Custom Joins

Table of Contents

Create Custom Joins

You can extend your database model with new joins without making any change to the database itself. Custom joins behave just like the built-in basic joins, except you can customize them as you wish.

For instance, let’s say you need to closer explore the relationship between customer names and actor names from a movie rentals database. Some actors  may be customers as well. They both have a first and a last name, so first thing to do is bring these tables in a new query, then drag customer’s first_name shape item and drop it over actor’s first_name item. You’ll be asked if you want indeed to create a new custom join. Confirm and you’ll immediately get a new connector between the shapes. Continue by dragging customer’s last_name and dropping it over actor’s last_name. Confirm you want to extend your custom join. Right click on the connector now and look at its Join Properties:

custom-join1

It’s interesting custom joins don’t have to always be equi-joins and you may use AND, OR, AND NOT and OR NOT concatenators.

Outer Custom Joins

What can you do now with your custom join that you cannot ordinarily do another way? Think about outer joins.
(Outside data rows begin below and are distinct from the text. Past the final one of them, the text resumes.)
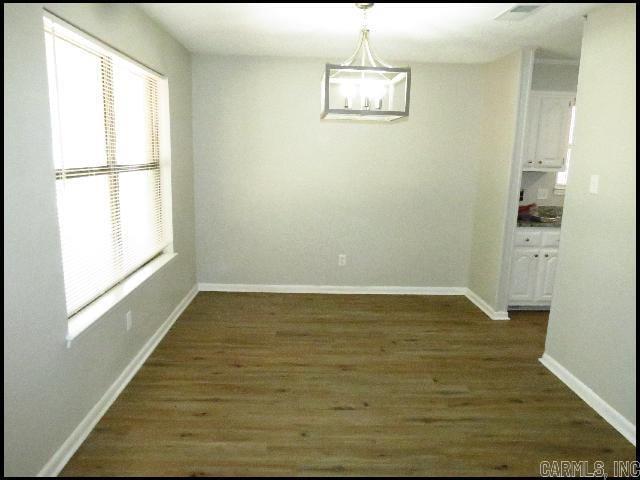 Building Photo - 1403 S Schiller St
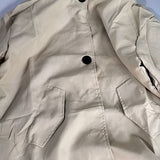 Lang trenchcoat for dame med hette og knappelukking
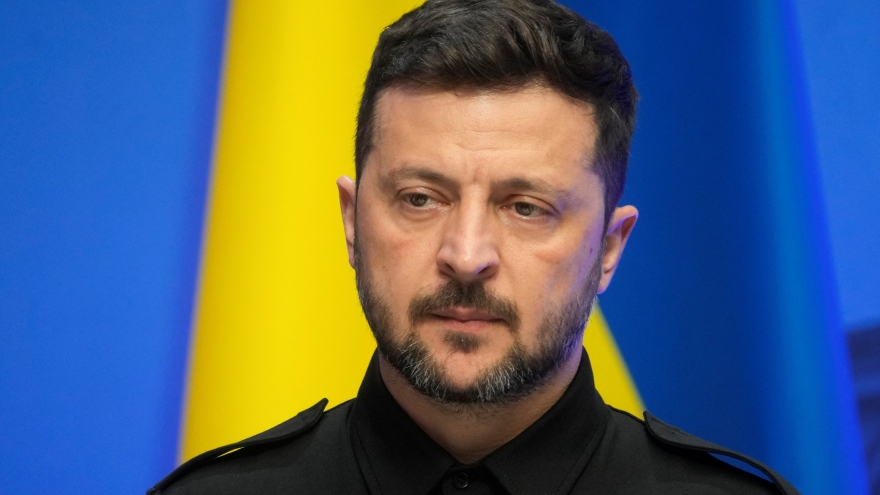 Hòa đàm vừa xong, ông Zelensky nói sẽ tiếp tục tấn công nếu Nga không dừng lại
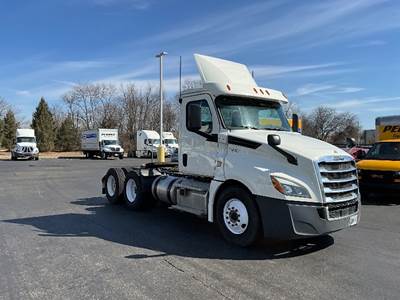 Freightliner Cascadia 126 Day Cab Truck - 435HP, 12 Speed Automatic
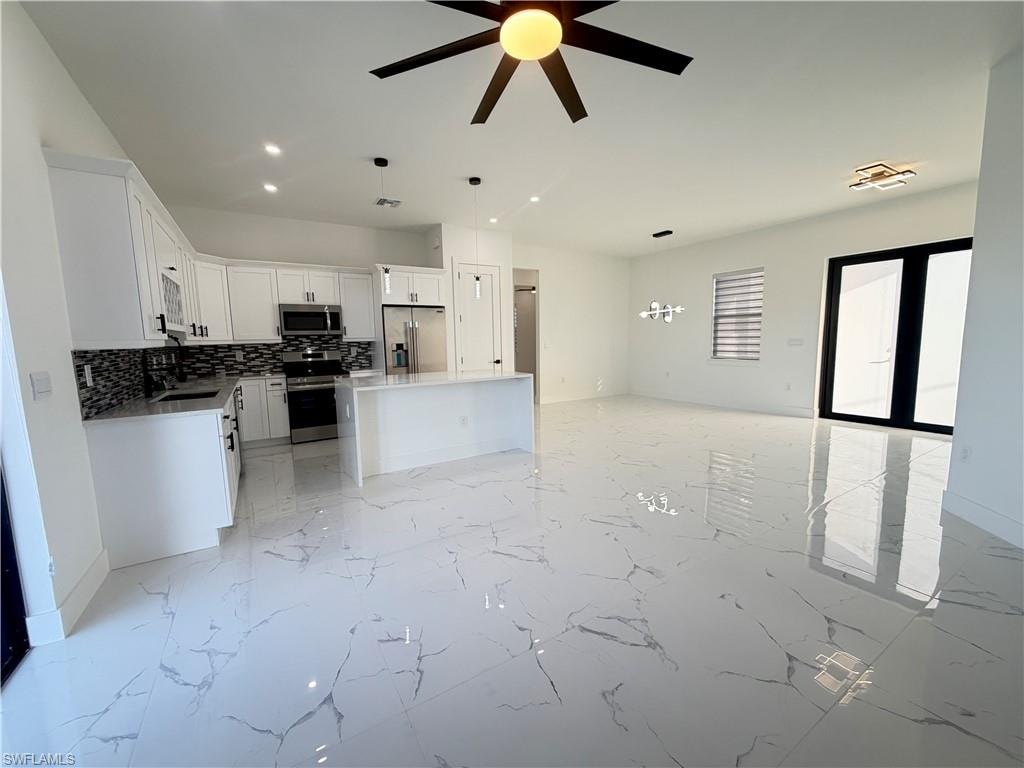 615 SW 22nd TER photo 10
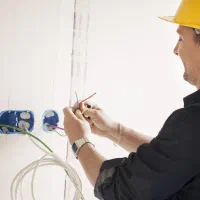 استخدام نیروی برق کار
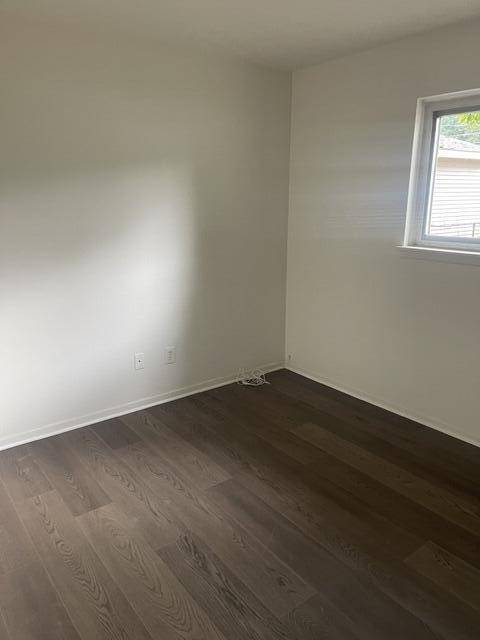 23484 Larkshire Street, Farmington Hills, MI 48336 photo 4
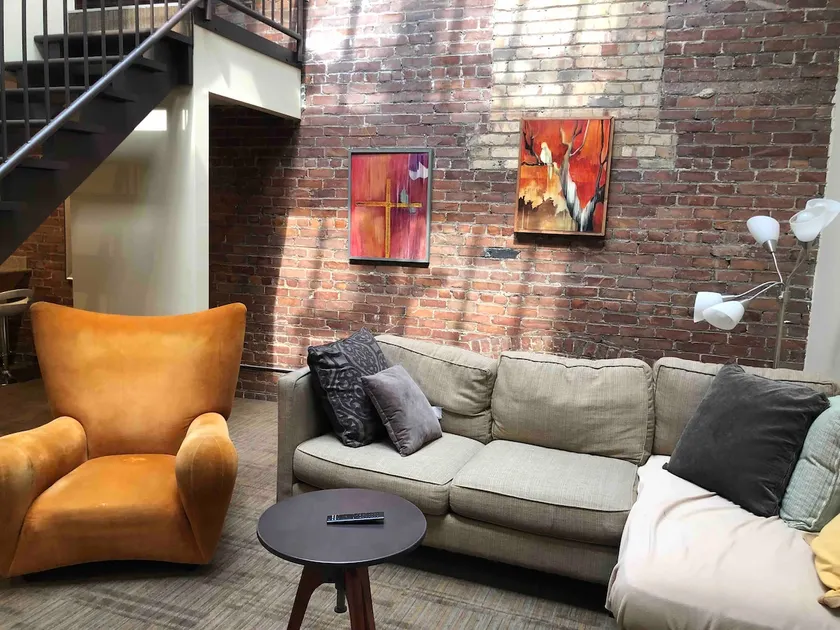 Timber Boutique Loft- heated parking space - Image 1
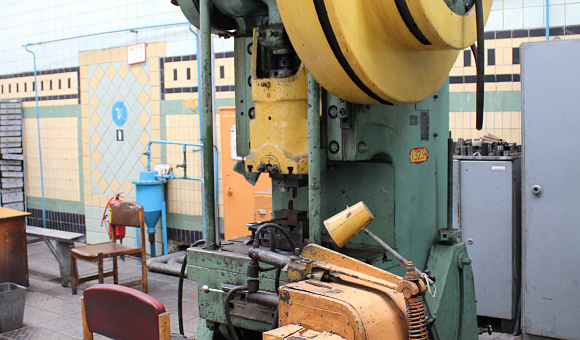 Пресс кривошипный КВ-235, 5,874 тн инв.№13234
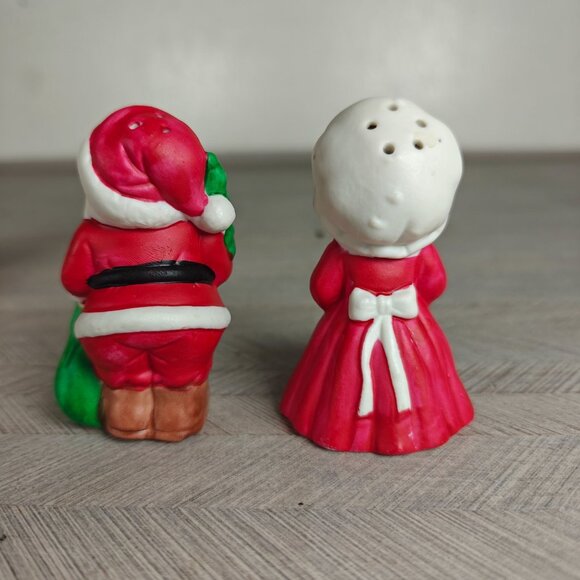 Vintage Russ Berrie Holiday Spice Santa & Mrs. Claus Salt & Pepper Shakers Set - Picture 4 of 7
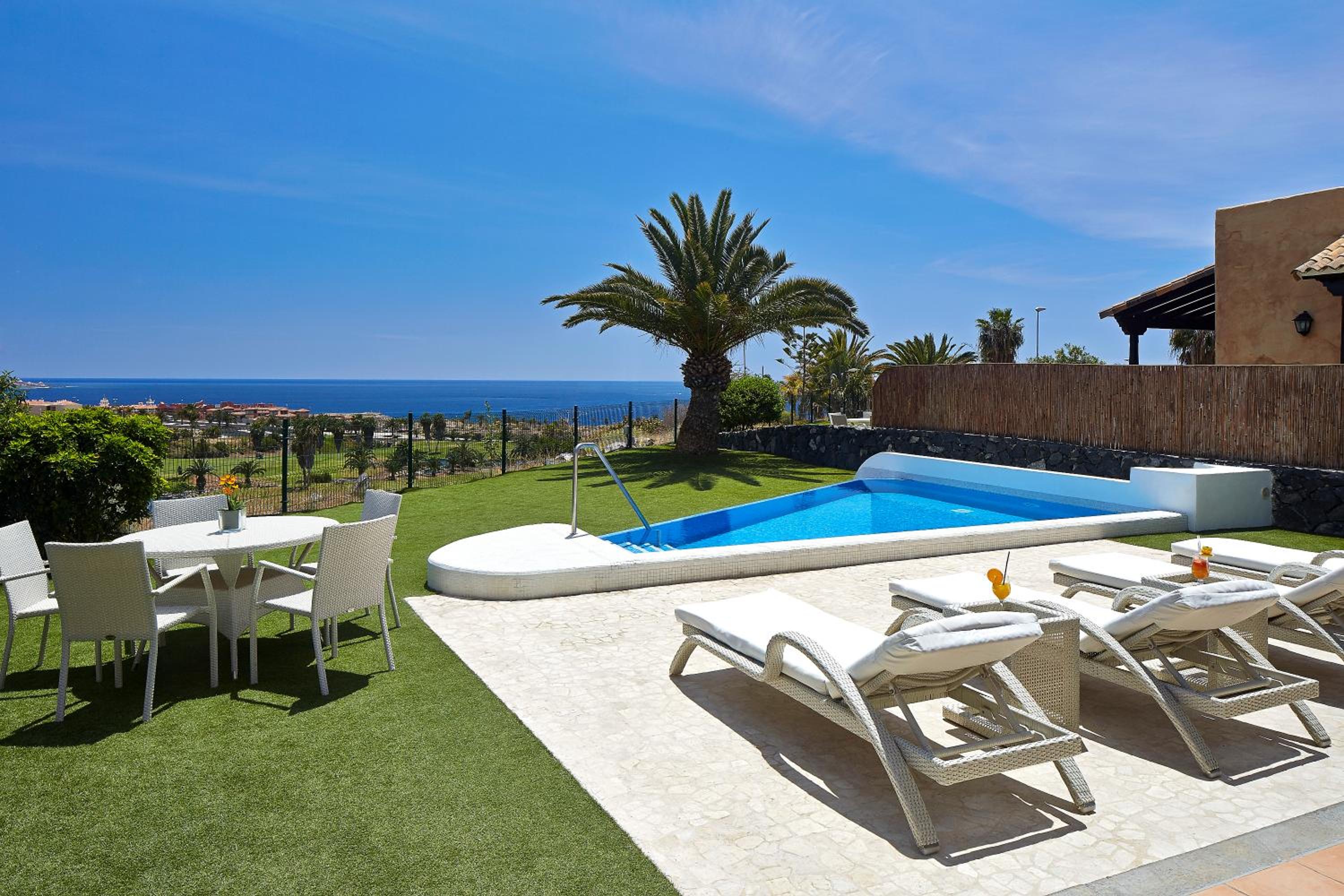 Three-Bedroom Villa (4 Adults + 2 Children) photo 2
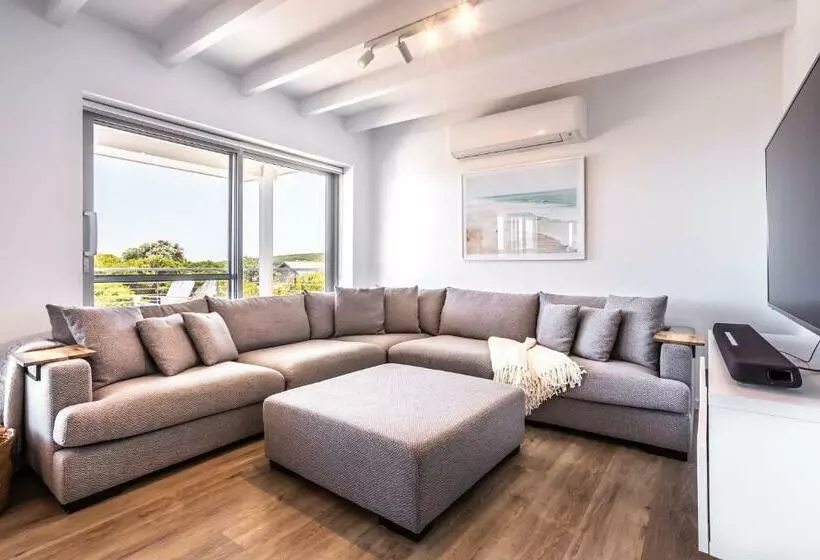 The Bunker   Coastal Home In Gracetown   Relaxing!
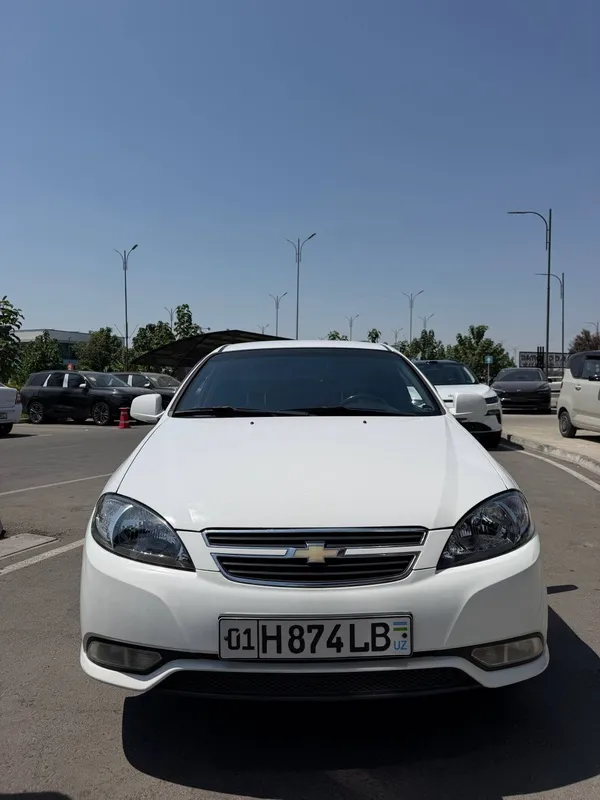 Срочно продаётся жентра 2015 3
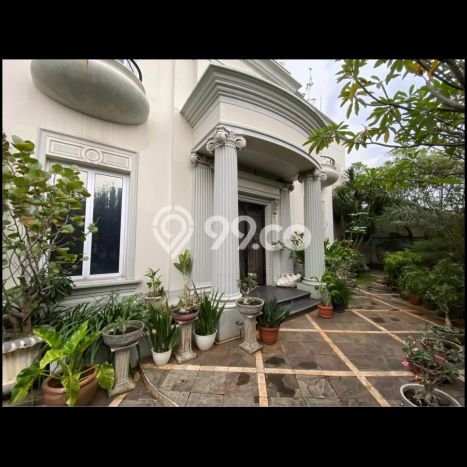 Siap Huni Rumah Mewah 5 Kamar di Jagakarsa Dekat ke Mana Pun Siap Huni Rumah Mewah 5 Kamar di Jagakarsa Dekat ke Mana Pun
Click on the right side of the connector, until you see the full bullet telling you you want ALL from actor (and only common records from customer). Right-click the connector and look at the Join Selection Type, to see this was indeed your choice. And, interesting enough, your query exposes quickly now that Jennifer Davis is an actor that happens to be also on of your customers:

custom-join2

Drill-Down on Custom Joins

Another advantage is whenever you use now one of these tables alone, you’ll see new related information when you drill-down. This query shows customers, but when the customer is also an actor, you get instant info to that record through drill-down:

custom-join3

ON vs USING

Both built-in and custom joins may use an alternative syntax when option Use USING in Joins, by default off, is turned on. When your database platform supports it, join syntax such as ON a.col1 = b.col1 AND a.col2 = b.col2 … is turned into USING (col1, col2, …). For this:

  1. each join must be an equi-join,
  2. each expression must be joined by AND,
  3. each expression must have the same column names.